## Data to process
◇ ◇ ◇ ◇

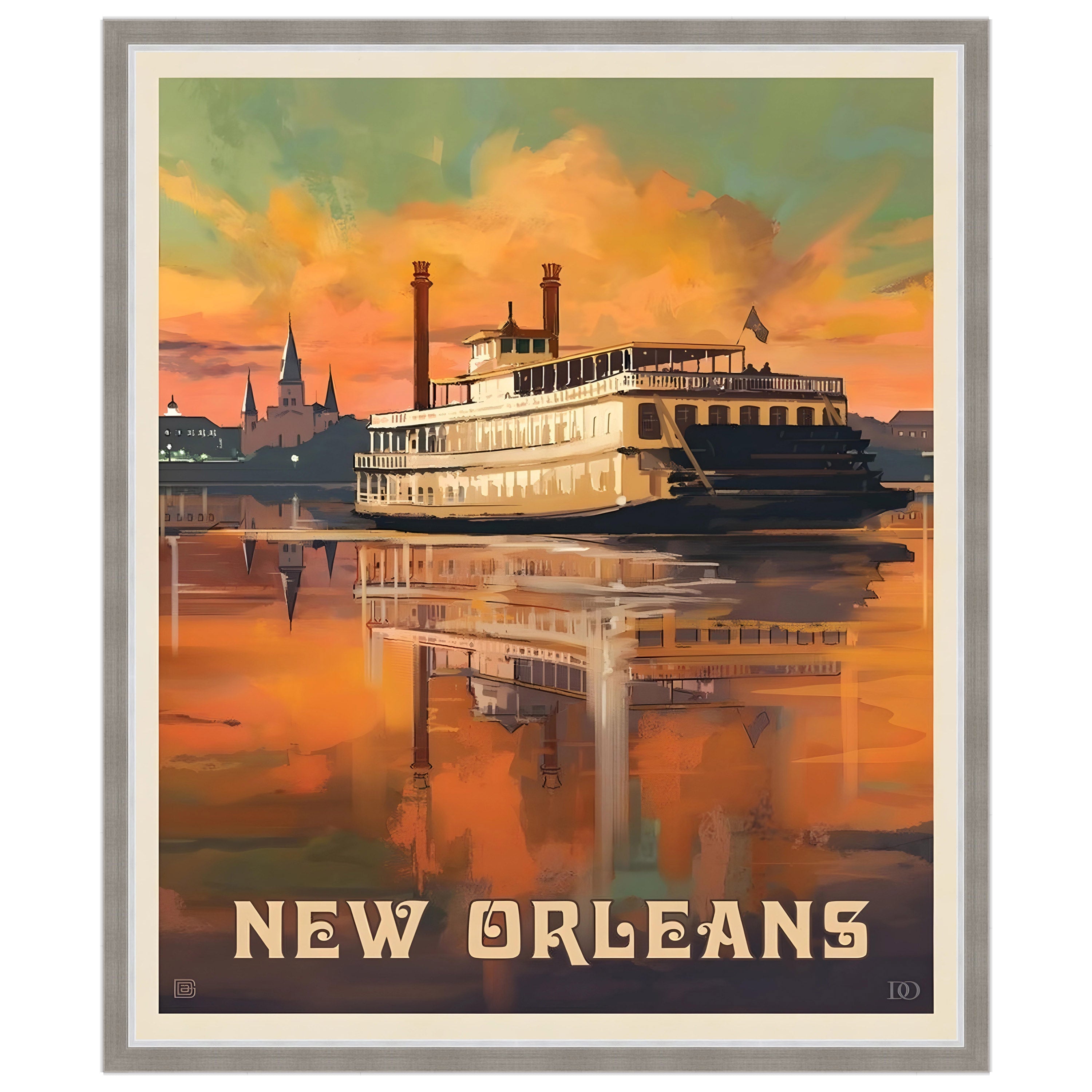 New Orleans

◇ ◇ ◇ ◇

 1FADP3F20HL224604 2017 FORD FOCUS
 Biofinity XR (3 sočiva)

◇ ◇ ◇ ◇

## What is needed
Your answer should consist of the lines from the line with "1FADP3F20HL224604 2017 FORD FOCUS" to the line with "Biofinity XR (3 sočiva)" above, repeated exactly, both ends included.

## Written answer
 1FADP3F20HL224604 2017 FORD FOCUS
 Biofinity XR (3 sočiva)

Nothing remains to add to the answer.